In any case, IPR should not be neglected. But it should not be abused as an excuse to not think about a possible future of libraries and related institutions in a globally connected information network and to not take action. Alternative licensing schemes (e.g., Creative Commons, Public Domain), which already work pretty well in other domains (e.g., Open Source) are worth to be considered as an alternative approach to existing IPR policies. If existing libraries do not take action, others, who have the financial power to ignore IPR rules, will build the libraries on the Web and attract the library users of the future.

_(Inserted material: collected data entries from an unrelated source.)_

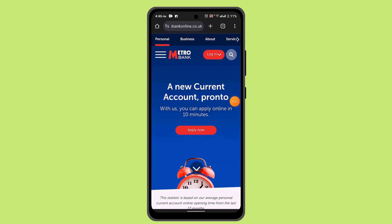In this video, I'm going to show you the ways to set up Touch ID or Face ID on a Metro Bank account. To set up Touch ID or Face ID for a Metro Bank account, you have to follow these steps.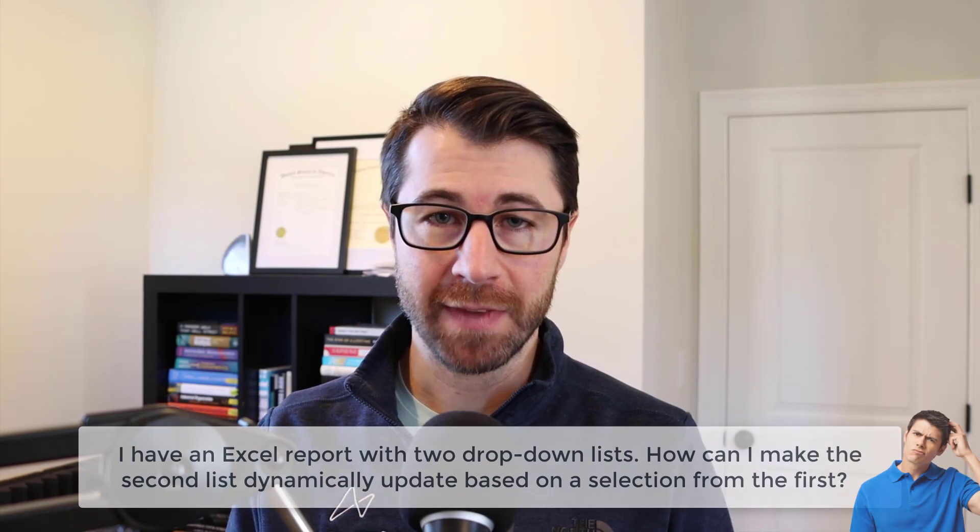Hey everyone, Chris here from Maven Analytics and it's time for the next video in our Ask Maven series. This is where instructors talk about some of the most common and interesting questions that we get from students around the world.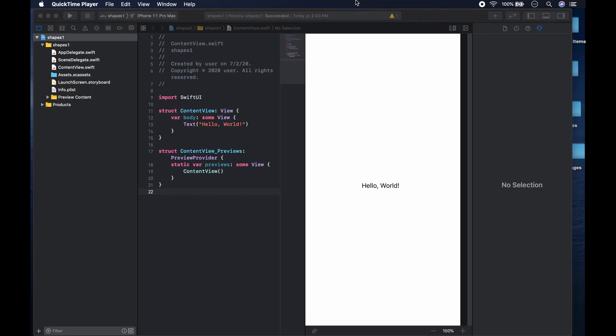Hi guys, welcome to the channel. This is Wagga and we're going to continue the series on views about SwiftUI. Today we're going to be working with a couple of shapes. Shapes are really important because you can put shapes behind views to make buttons, text fields, and other views look like the shape. For example, if you put a capsule behind a text field, the text field will start looking like a capsule.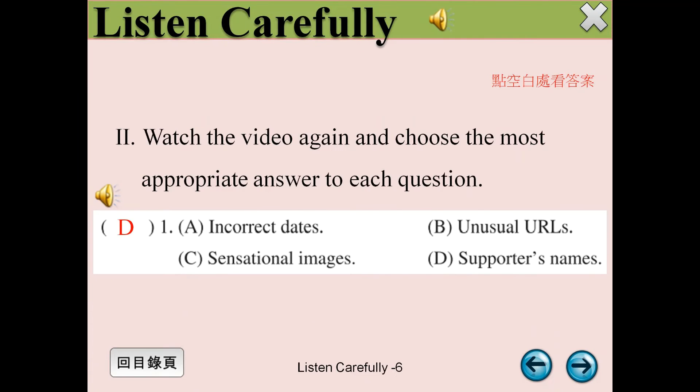Watch the video again and choose the most appropriate answer to each question.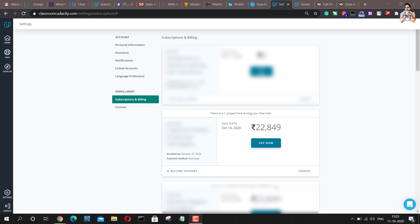So as you can see in the subscription and billing section that I have enrolled in this Nanodegree and my due date for the payment is October 14, 2020. The amount I'm supposed to pay is 2849 Indian rupees. So it would be somewhere around $399 in USD.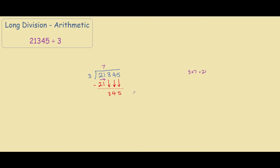Now our focus is on here, and we do basically the same thing, where we look at the first number and ask ourselves how many times can 3 be divided by 3. The answer is 1, because 3 times 1 is 3. So we write 3 down here, then we subtract it — 3 minus 3 is 0 — and we're left with 45.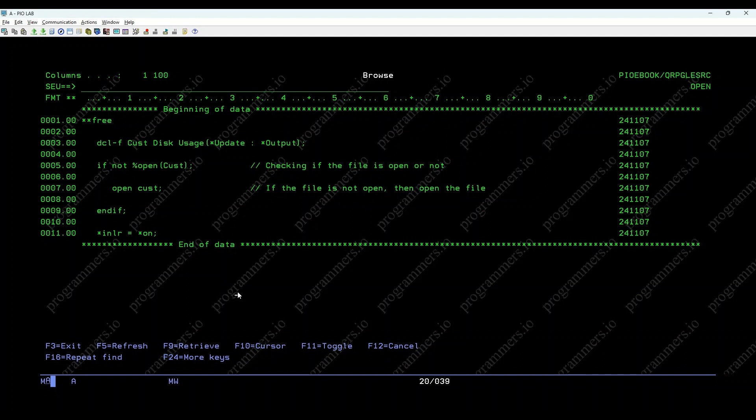Let's simulate this scenario. Initially, %OPEN cus return 0, indicating the file isn't open. Upon executing open cus now return 1, confirming the file is open.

As a non-IPR expert, I cannot give a general recommendation for a possible IPR solution for libraries. I can only say that the Web is not the future, it is the present. People are using the Web to fulfill their information needs and the future generation will most likely continue to do so. What is not on the Web will hardly be perceived. This is the case for digitized objects but also for the adjacent descriptive data. We can hardly change the behavior of people, but we can adapt our view on intellectual property and think about alternative business models. Other areas such as the music domain already went through this process and we have seen that exploiting the possibilities of novel technical developments often turned out to be more successful than retaining with IPR models from the pre-Web era.
The SWIB workshop has shown that many librarians do not let block themselves by the IPR discussion. They started developing prototypes and convinced people that Linked Data makes sense. Maybe this is the way to go...
About Bernhard Haslhofer
Bernhard Haslhofer is a member of the scientific staff in the Multimedia Systems Department at the University of Vienna. His research interests lie in the area of Linked Data / Web of Data, Metadata Interoperability and Metadata Mapping / Metadata Standards.